The Forex market is the largest financial market in the world. This is where the exchange between different currencies is conducted.
More than 5 trillion US dollars are transacted through the FX market each day.
Currencies are exchanged for all kinds of reasons – from an online purchase of goods from another country, to speculating on the price for profit. Speculation is what makes up the larger part of the daily forex volume.
The forex market is a modern creation.
Although currencies have been exchanged for centuries, the concepts of the forex market were laid with the Bretton Woods agreement in 1944. Then 44 countries pegged their currencies to the US dollar and the gold. The accords established two institutions that are still operational today – the International Monetary Fund (IMF) and the International Bank for Reconstruction and Development (IBRD), which today is part of the World Bank Group. In the period 1971-1973 the Bretton Woods system was ended, and the gold peg was abandoned. Many currencies became free-floating, which meant that supply and demand for the currencies were what defined their value.

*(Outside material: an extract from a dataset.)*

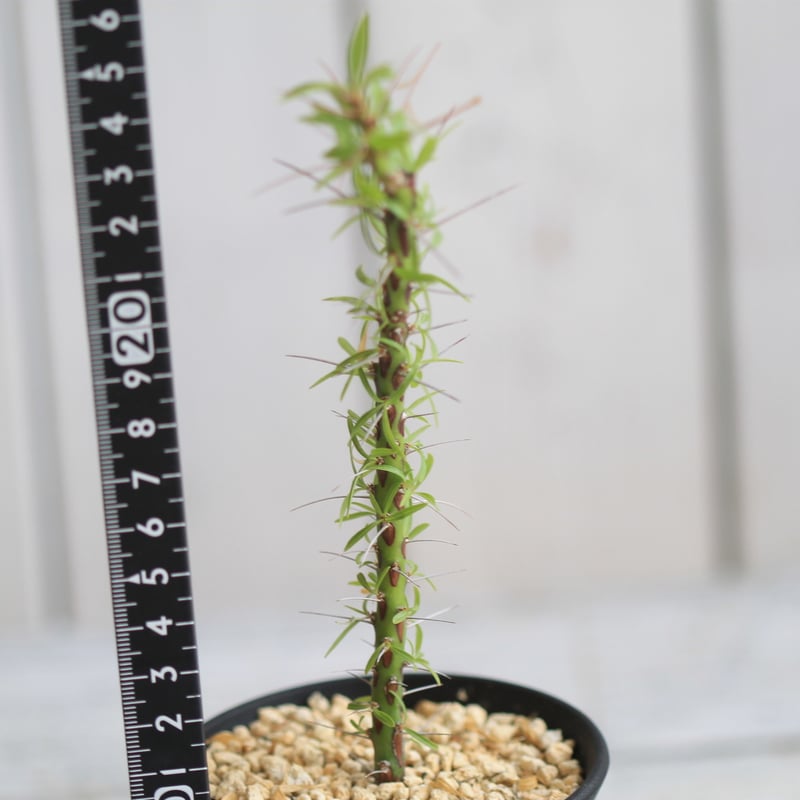 フォークイエリア プルプシー×ファシクラータ ハイブリッド 挿し木 2本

The first step towards the digitalization of the forex market was the development of the electronic dealing platforms. In the beginning they were available to banks only, so investors were restricted to accessing the forex market via their bank provider. The rapid development of computer and communication technologies, however, gave rise to a decentralized over the counter (OTC) market, available to everyone, while requiring a little more than a good internet connection.
Today, a growing share of trades is carried out by independent investors who participate in the market, alongside the big players, to make use of this fast-evolving environment. The FX market is the ultimate place to speculate. Unlike other markets, like the stock market, you don’t have to buy / own an asset in order to sell it. The forex gives the freedom to trade in both directions, and only the sky (and the funds in your trading account) is the limit.
The forex market is the most liquid financial market in the world.
Liquidity is measured by the volume available for trading at any given moment. The more liquid the market is, the easier and better the trading conditions are. In more liquid markets volatility is lower, which means that prices are less likely to make sudden moves in some direction. This is because the sheer volume and the depth of the market (the outstanding buy and sell orders) reduce the influence of large orders on the prices.
There is no physical location for the forex market.
It is comprised of a global network of computers, brokers and liquidity providers. There is no central authority to control the market participants, but there are regulations that govern the processes.
All this has led to the development of a competitive, ever-evolving market that provides easy access, comfortable trading platforms, plenty of products, fast order execution, reasonable costs and commissions.